WHAT TO WORK ON: From the very first line of the data to the line containing "Tractor fall farm", retype everything exactly, leaving the pictures behind.

MATERIAL PROVIDED:
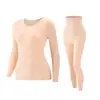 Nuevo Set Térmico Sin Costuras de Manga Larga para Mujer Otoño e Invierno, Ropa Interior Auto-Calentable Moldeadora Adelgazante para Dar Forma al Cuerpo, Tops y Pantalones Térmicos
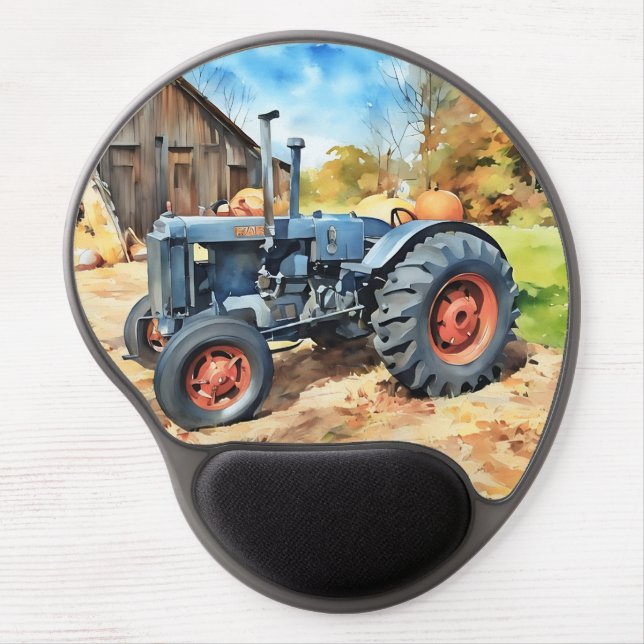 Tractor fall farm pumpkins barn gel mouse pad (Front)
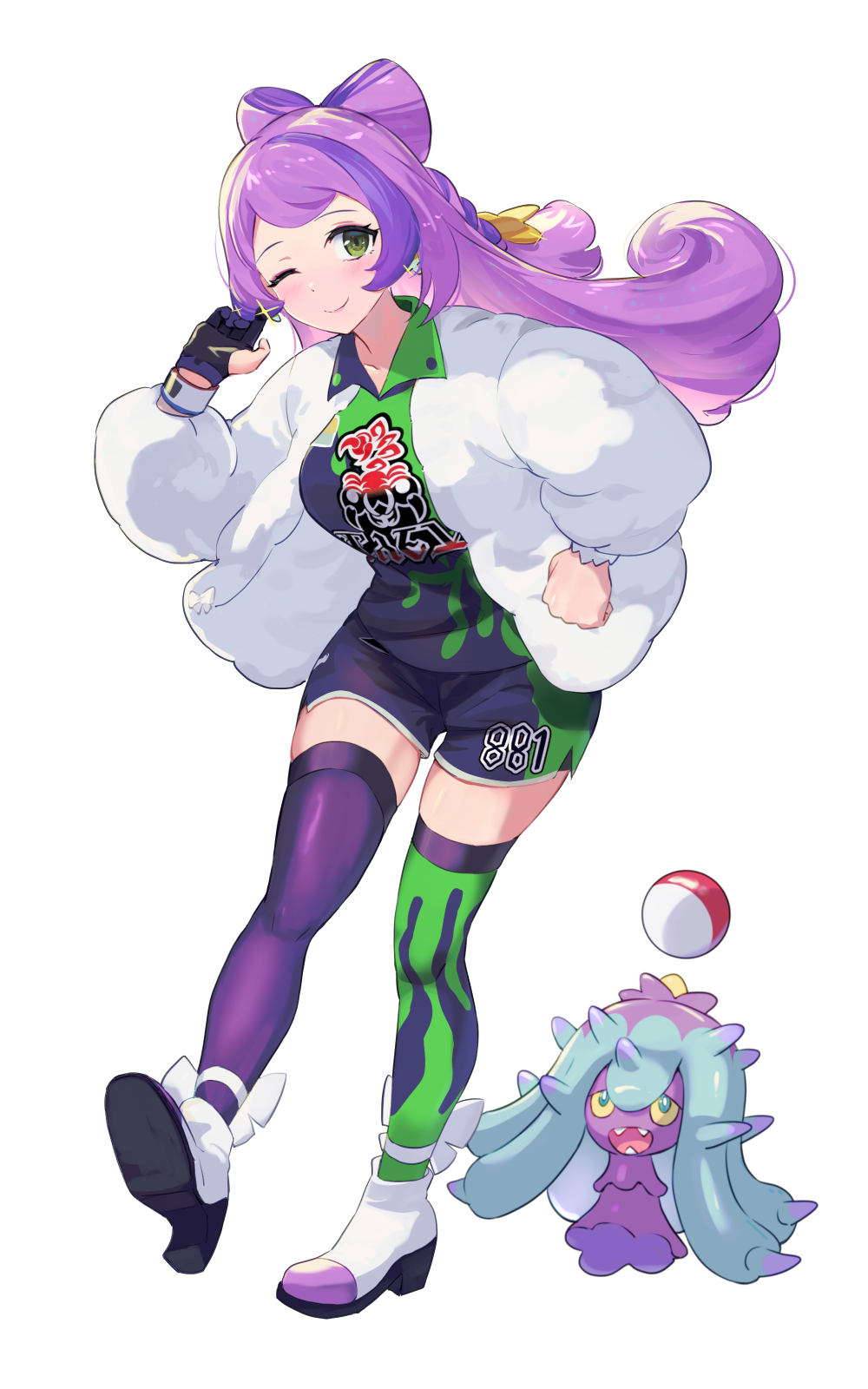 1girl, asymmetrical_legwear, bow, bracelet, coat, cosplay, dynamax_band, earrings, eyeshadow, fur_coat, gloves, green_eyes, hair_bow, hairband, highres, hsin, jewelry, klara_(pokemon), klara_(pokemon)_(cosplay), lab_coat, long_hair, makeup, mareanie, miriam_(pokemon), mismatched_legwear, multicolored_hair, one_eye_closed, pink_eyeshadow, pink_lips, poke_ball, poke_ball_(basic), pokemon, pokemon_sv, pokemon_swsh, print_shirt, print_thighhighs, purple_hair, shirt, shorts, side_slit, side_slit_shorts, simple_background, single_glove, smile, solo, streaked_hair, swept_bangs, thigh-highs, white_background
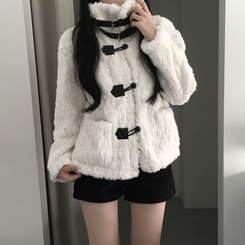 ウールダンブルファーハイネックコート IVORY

REPLY:
 Nuevo Set Térmico Sin Costuras de Manga Larga para Mujer Otoño e Invierno, Ropa Interior Auto-Calentable Moldeadora Adelgazante para Dar Forma al Cuerpo, Tops y Pantalones Térmicos
 Tractor fall farm pumpkins barn gel mouse pad (Front)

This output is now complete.